Monday, October 8, 2007
DPP Solutions: HMI
In the realm of continuous lighting, these lamps are king, and for good reason
John Gresch, vice president of ARRI's lighting division, says, “In a filament source like tungsten—and let's say it's a large 5000-watt bulb—the size of that filament, which heats up and glows, is a much larger area compared to the HMI's arc source. So if you were to measure it, instead of being this half-inch gap, you'd have a filament that's 1½ or 2 inches. When this larger ‘blob' of light hits the reflector, some of the light rays are going to hit the intended optical path and go where you want them to—properly out the front of the reflector. But some of the light isn't, and you'll have secondary rays of light going where you don't want them to, hence your shadows aren't as crisp.”
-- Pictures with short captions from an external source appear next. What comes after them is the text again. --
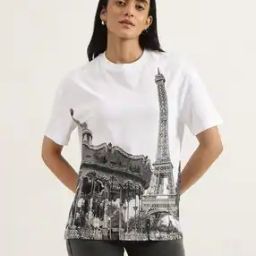 Women Graphic T-shirt-image-52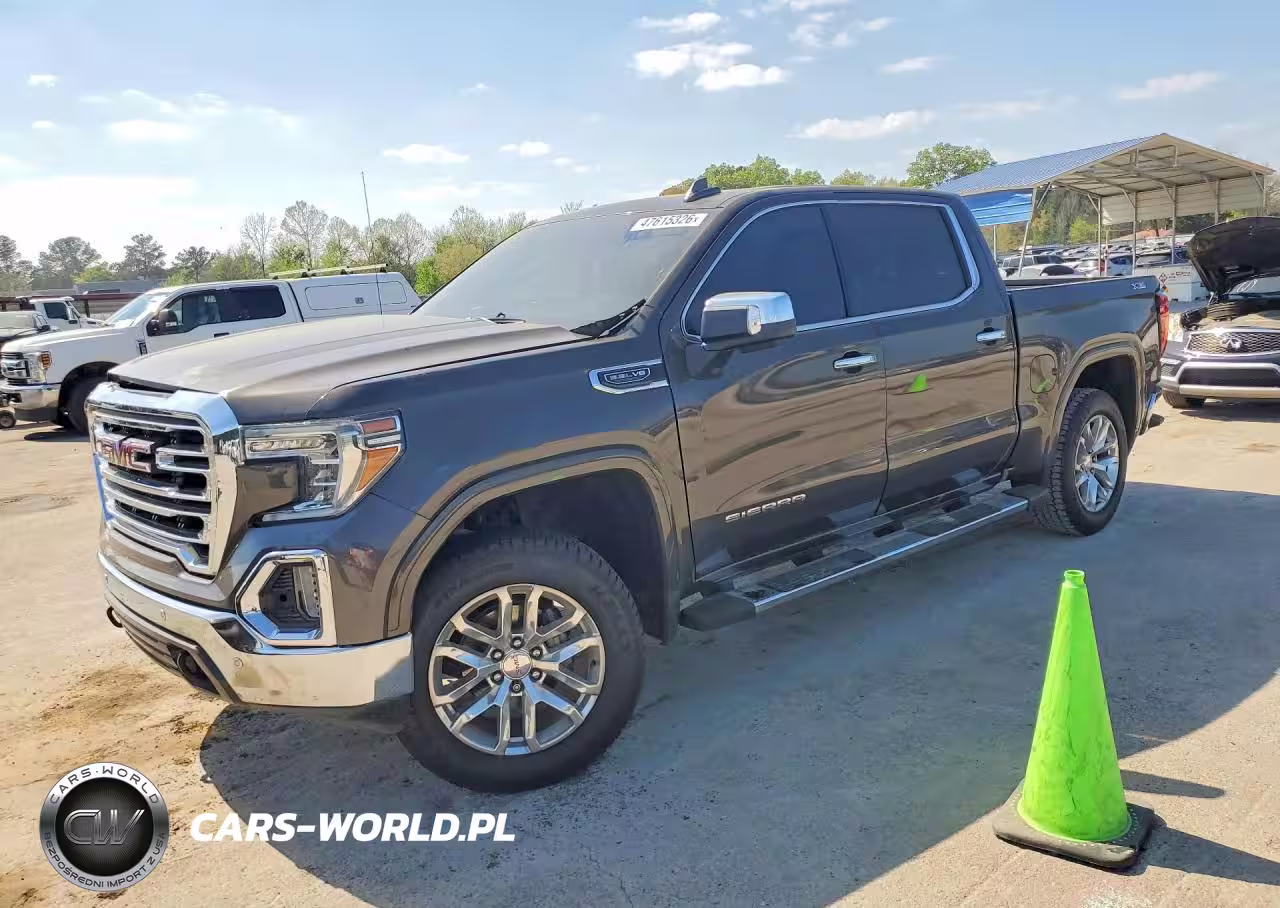 2019 GMC Sierra K1500 Slt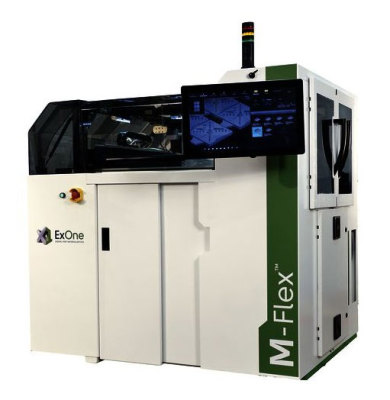 ExOne3D打印机M-Flex金属型打印代理商价格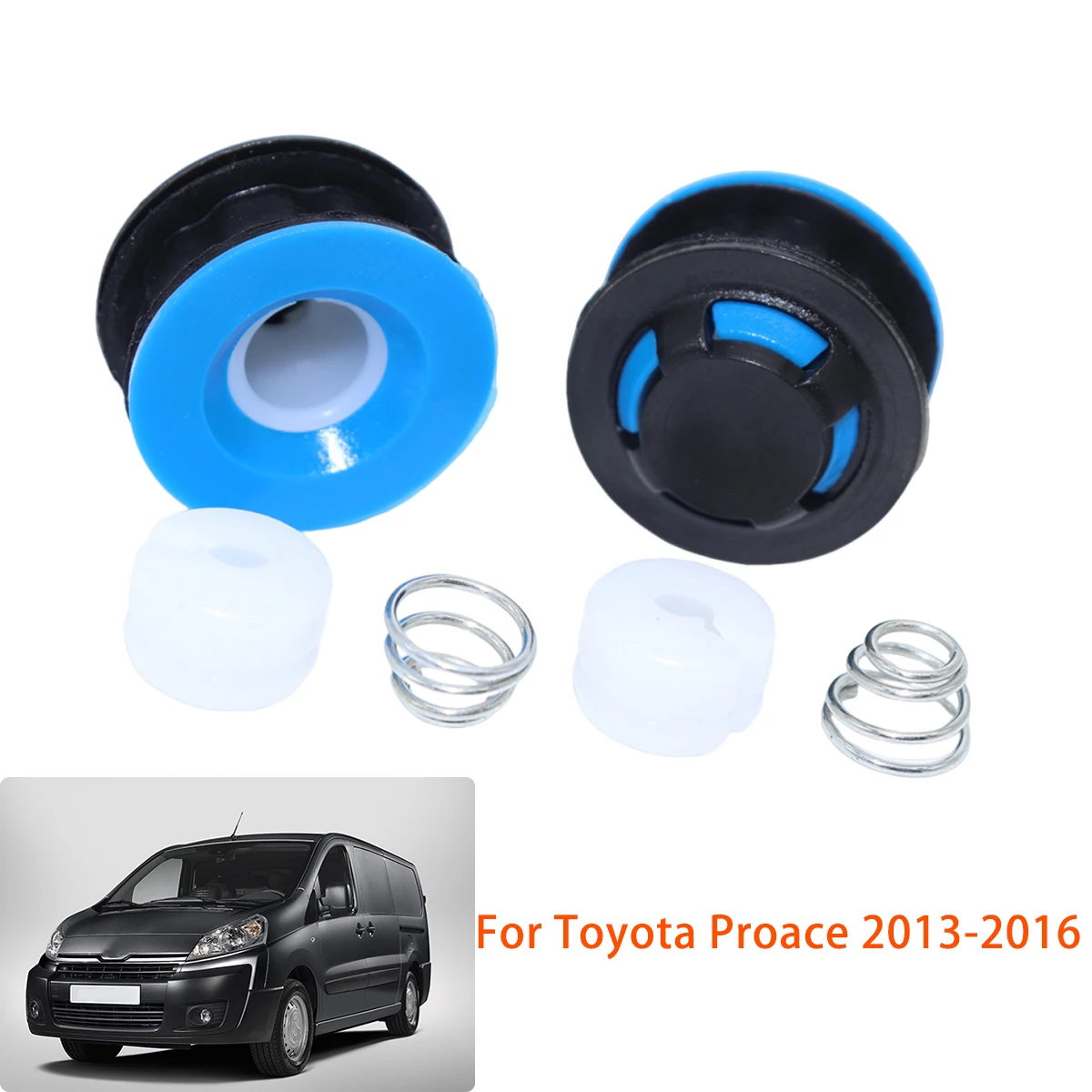 

MT Gear Shift Cable Linkage End Rod Bushing Gearbox Shifter lever Selector Connector Grommet Repair For Toyota Proace 2013-2016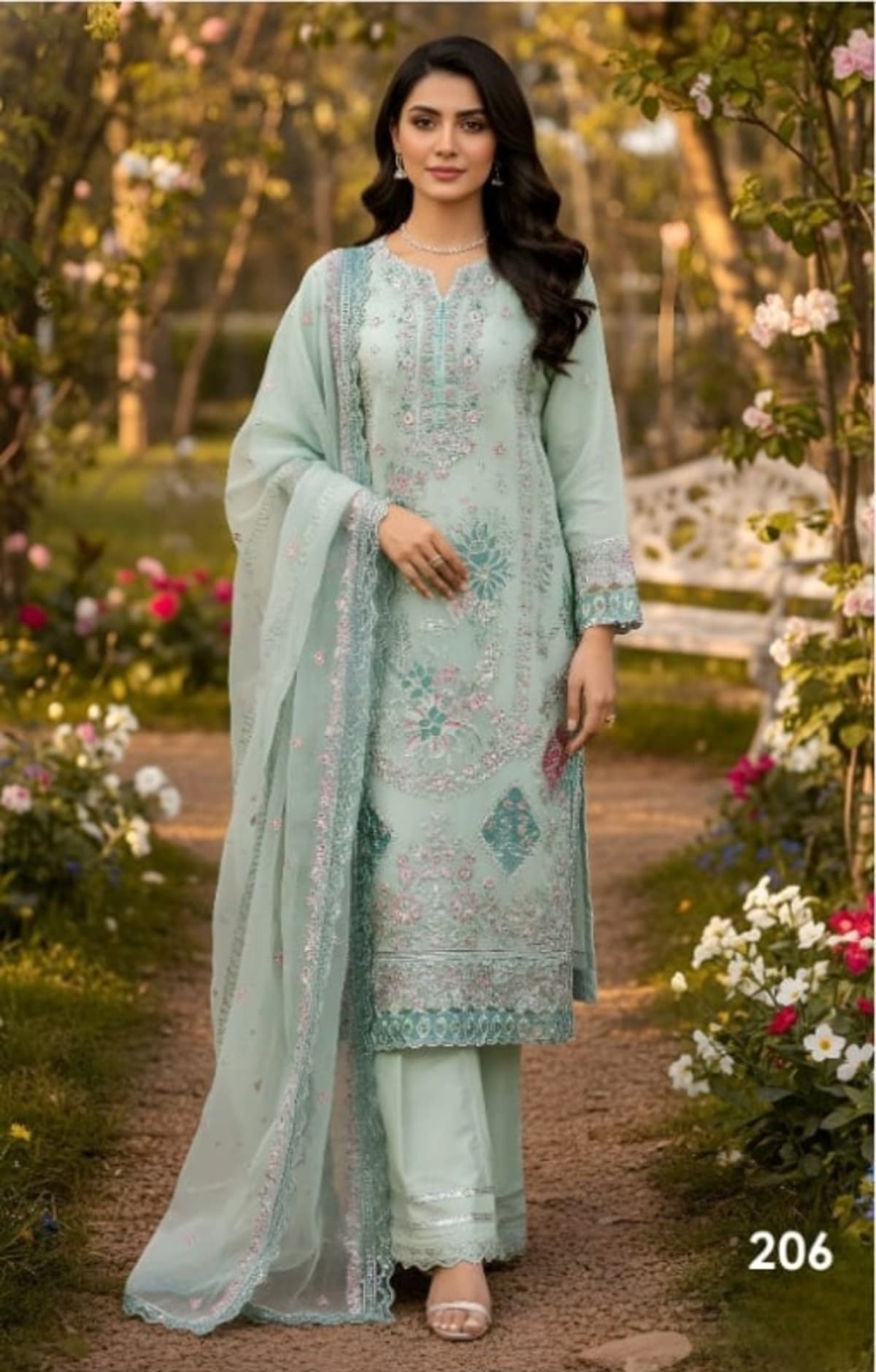 Husn Ara Fancy Collection Vol-01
And this is really why HMI lamps are in a league of their own. It makes them special, and expensive, compared to other types of bulbs.
Fresnel & PAR
While HMI lights come in many different optical systems that range from ellipsoidal, follow spot, soft light, open face and floodlight, the clear favorites among connoisseurs of continuous lighting in the photographic world are Fresnel and PAR (parabolic aluminized reflector).
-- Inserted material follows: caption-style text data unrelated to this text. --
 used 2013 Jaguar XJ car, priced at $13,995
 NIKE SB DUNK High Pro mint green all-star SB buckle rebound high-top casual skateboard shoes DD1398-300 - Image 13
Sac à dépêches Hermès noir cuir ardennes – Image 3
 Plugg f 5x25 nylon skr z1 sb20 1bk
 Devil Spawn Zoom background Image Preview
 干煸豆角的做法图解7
A Fresnel consists of a metal housing, a reflector, a lamp assembly and a glass Fresnel lens—named after the 19th-century French physicist Augustin-Jean Fresnel, who first developed them for use in lighthouses. By dividing a lens surface into a series of concentric rings, you can make a large aperture lens that's thinner and lighter than a conventional lens and thus allows more light to pass through.
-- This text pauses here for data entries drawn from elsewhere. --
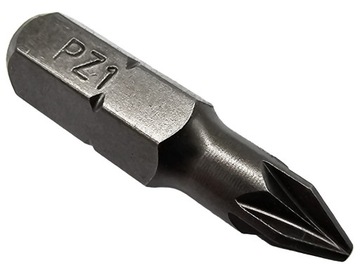 НАКОНЕЧНИК ОТВЕРТОЧНОЙ PZ 1 25 мм CROSS POZIDRIV COBIT 1шт.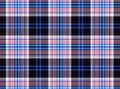 Tartan traditional checkered British fabric concept style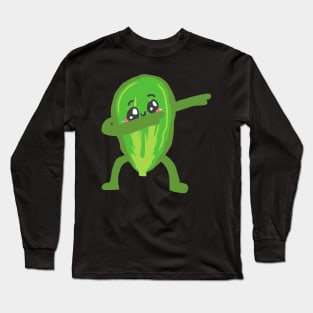 Dancing Steppes Rocking Beaten Dances Vegetables Long Sleeve T-Shirt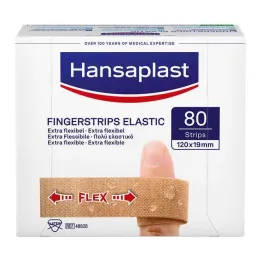 Hansaplast elastische vingerpleisterstrips, 80 st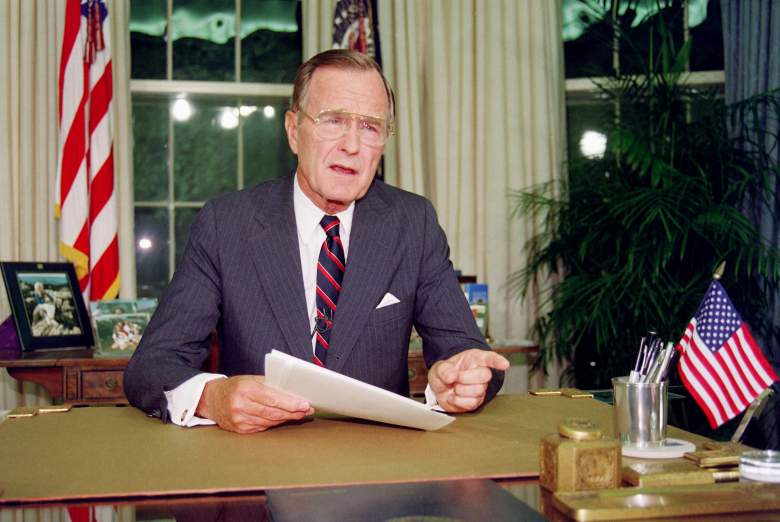 George H.W. Bush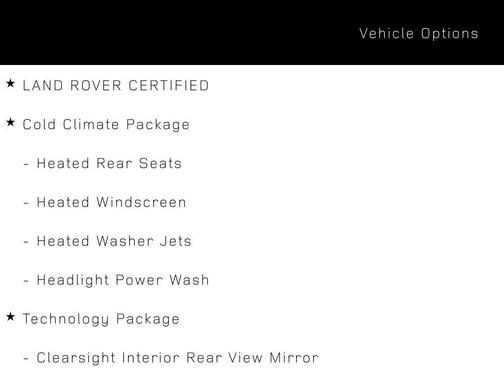 2024 Land Rover Range Rover Evoque Core S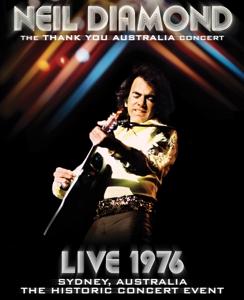 Cover for Neil Diamond · The Thank You Australia Concert: Live 1976 (DVD) (2024)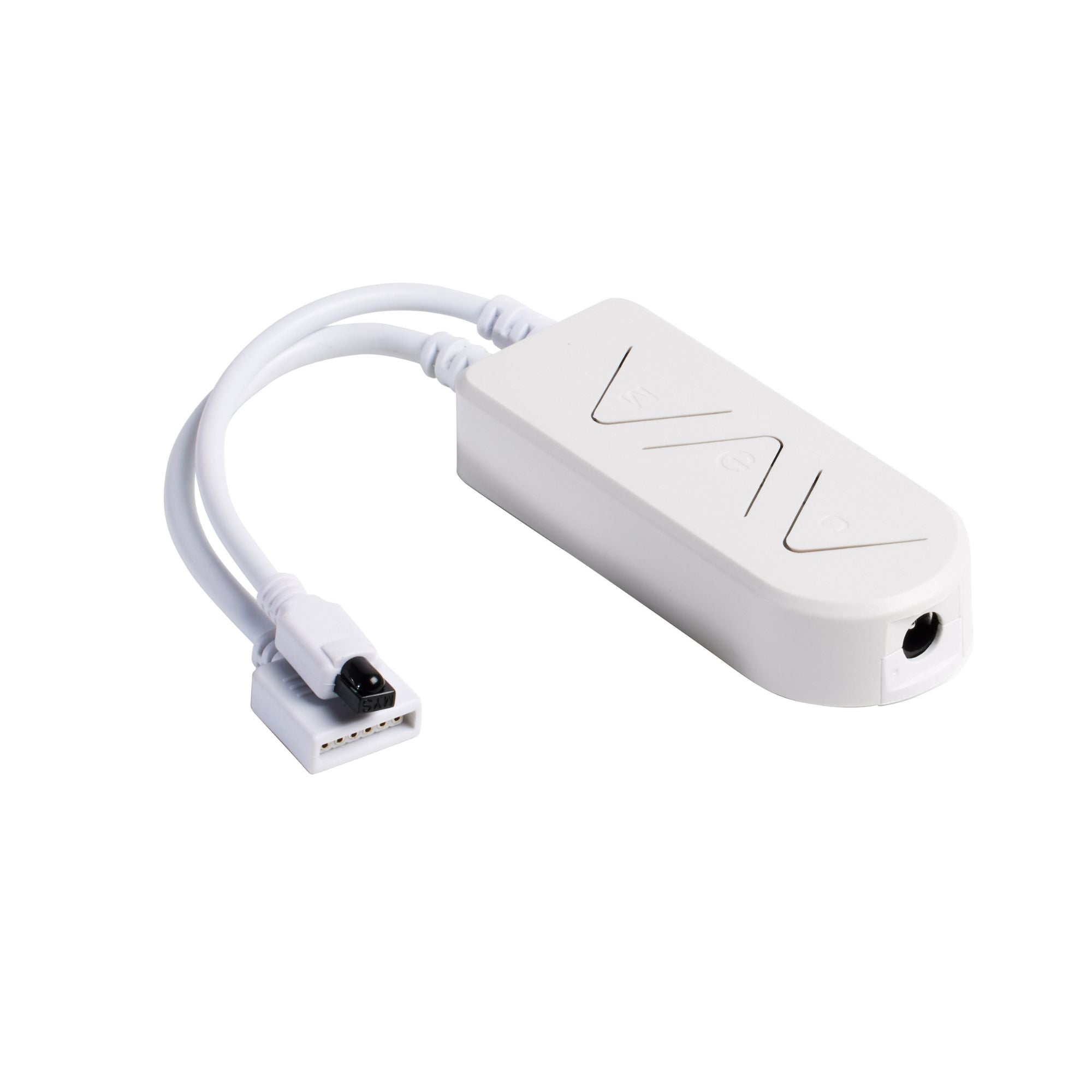 SATCO|NUVO DIMENSION Tape Control Connector Kit, Plug-In, White (64-172)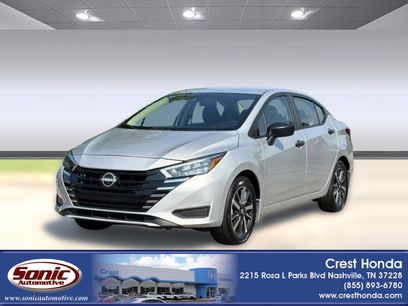 Used 2025 Nissan Versa S w/ S Plus Package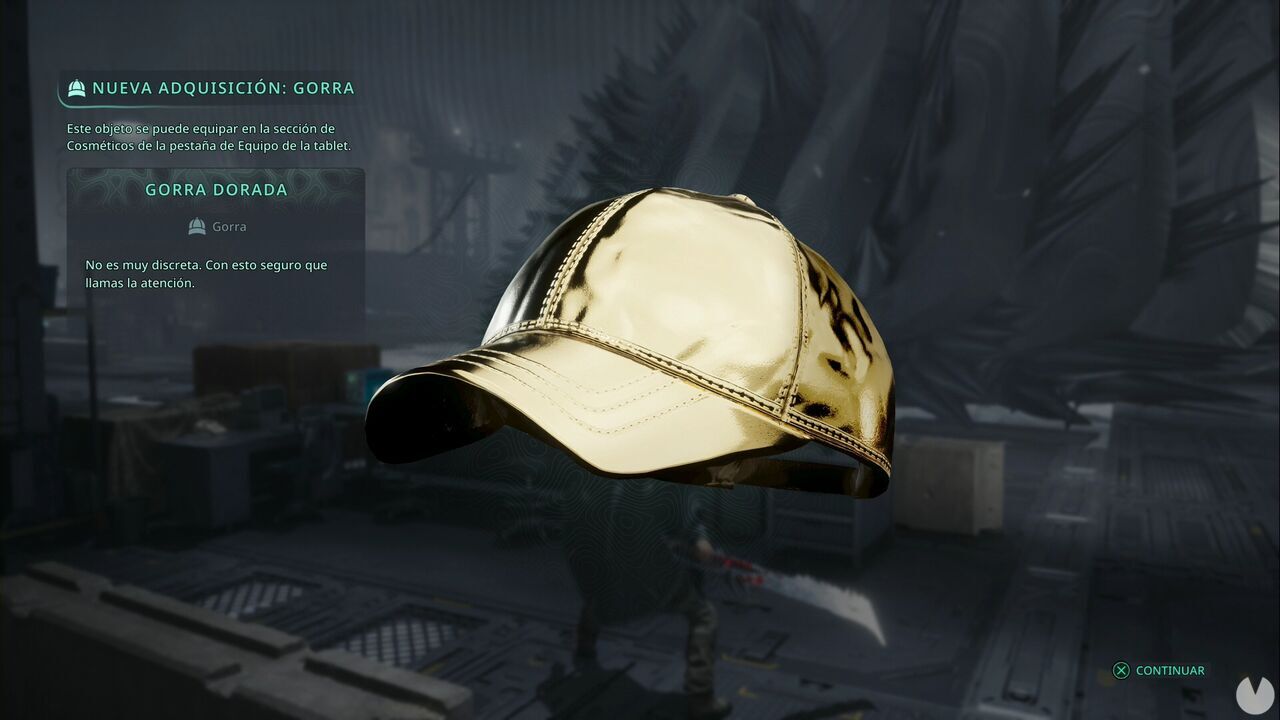 Hell is Us - Baseball Caps, Cap - Gilded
“The advantage of the Fresnel lens, with its circular glass rings,” adds Gresch, “is that you're able to take the point source of the light, and with the use of a spherical reflector instead of a parabolic reflector, put a majority of that light to that lens. So you get a very smooth light, a very even distribution of those rays.”
You also have the ability to create a different relationship between the lamp and the lens by changing the distance between them. You can create either a spot or a flood focus in a matter of seconds. And this isn't the case with some of the other optical systems.
Even though you can change lenses on a PAR HMI to achieve different levels of flood and spot light, there's no way to quickly adjust the distance between the lamp and the lens as with the Fresnel. That's why photographers who use HMI lighting will sometimes set their ambient or background light with a couple of PARs. This allows them to produce a big pool of light for establishing a mood. Then they can get really crisp highlights and shadows on their subject with a couple of Fresnels.